# Action item:
Every line from the start of the records below to the line containing "Hollywood South Side Add — Photo 1" should be retyped exactly, that line included, and no others.

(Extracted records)
BEGIN

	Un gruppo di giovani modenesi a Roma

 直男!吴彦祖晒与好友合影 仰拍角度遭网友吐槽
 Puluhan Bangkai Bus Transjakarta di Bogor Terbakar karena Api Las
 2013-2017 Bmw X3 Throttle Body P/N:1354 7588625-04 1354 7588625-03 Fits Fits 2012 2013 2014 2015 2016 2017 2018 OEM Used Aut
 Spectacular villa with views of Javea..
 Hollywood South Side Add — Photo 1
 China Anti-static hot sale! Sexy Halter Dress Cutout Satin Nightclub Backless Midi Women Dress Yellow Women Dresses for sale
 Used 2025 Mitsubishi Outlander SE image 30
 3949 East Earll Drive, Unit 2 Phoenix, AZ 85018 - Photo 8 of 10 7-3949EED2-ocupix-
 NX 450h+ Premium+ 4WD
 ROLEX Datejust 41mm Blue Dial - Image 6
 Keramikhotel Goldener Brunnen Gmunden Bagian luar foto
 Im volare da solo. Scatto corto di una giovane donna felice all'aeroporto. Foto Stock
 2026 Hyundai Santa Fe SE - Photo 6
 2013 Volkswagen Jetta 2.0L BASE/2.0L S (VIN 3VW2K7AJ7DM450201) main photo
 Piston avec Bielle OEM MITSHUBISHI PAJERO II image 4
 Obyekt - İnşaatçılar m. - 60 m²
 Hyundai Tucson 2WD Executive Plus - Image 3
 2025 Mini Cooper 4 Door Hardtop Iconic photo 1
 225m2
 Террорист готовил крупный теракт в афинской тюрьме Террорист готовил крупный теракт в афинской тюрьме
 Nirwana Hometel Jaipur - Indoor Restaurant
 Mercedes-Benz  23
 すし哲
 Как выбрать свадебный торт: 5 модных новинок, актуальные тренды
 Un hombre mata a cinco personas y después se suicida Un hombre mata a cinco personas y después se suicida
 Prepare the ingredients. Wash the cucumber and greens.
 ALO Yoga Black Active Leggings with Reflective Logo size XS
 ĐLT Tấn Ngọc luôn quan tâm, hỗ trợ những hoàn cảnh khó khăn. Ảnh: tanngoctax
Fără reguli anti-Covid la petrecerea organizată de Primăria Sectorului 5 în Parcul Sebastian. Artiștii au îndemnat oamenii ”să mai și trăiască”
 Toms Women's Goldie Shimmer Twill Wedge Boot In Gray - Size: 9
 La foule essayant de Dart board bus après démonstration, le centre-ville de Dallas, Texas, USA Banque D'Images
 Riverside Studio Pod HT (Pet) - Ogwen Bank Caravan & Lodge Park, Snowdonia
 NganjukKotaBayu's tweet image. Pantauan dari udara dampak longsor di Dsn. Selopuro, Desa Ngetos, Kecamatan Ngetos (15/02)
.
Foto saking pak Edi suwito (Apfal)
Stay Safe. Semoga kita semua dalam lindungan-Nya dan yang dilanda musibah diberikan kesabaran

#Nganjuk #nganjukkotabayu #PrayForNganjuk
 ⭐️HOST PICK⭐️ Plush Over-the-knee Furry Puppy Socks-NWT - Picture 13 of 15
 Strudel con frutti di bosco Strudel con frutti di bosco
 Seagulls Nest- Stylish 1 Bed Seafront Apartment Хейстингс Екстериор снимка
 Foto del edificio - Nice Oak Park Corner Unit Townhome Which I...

END

# Result for this task:
	Un gruppo di giovani modenesi a Roma

 直男!吴彦祖晒与好友合影 仰拍角度遭网友吐槽
 Puluhan Bangkai Bus Transjakarta di Bogor Terbakar karena Api Las
 2013-2017 Bmw X3 Throttle Body P/N:1354 7588625-04 1354 7588625-03 Fits Fits 2012 2013 2014 2015 2016 2017 2018 OEM Used Aut
 Spectacular villa with views of Javea..
 Hollywood South Side Add — Photo 1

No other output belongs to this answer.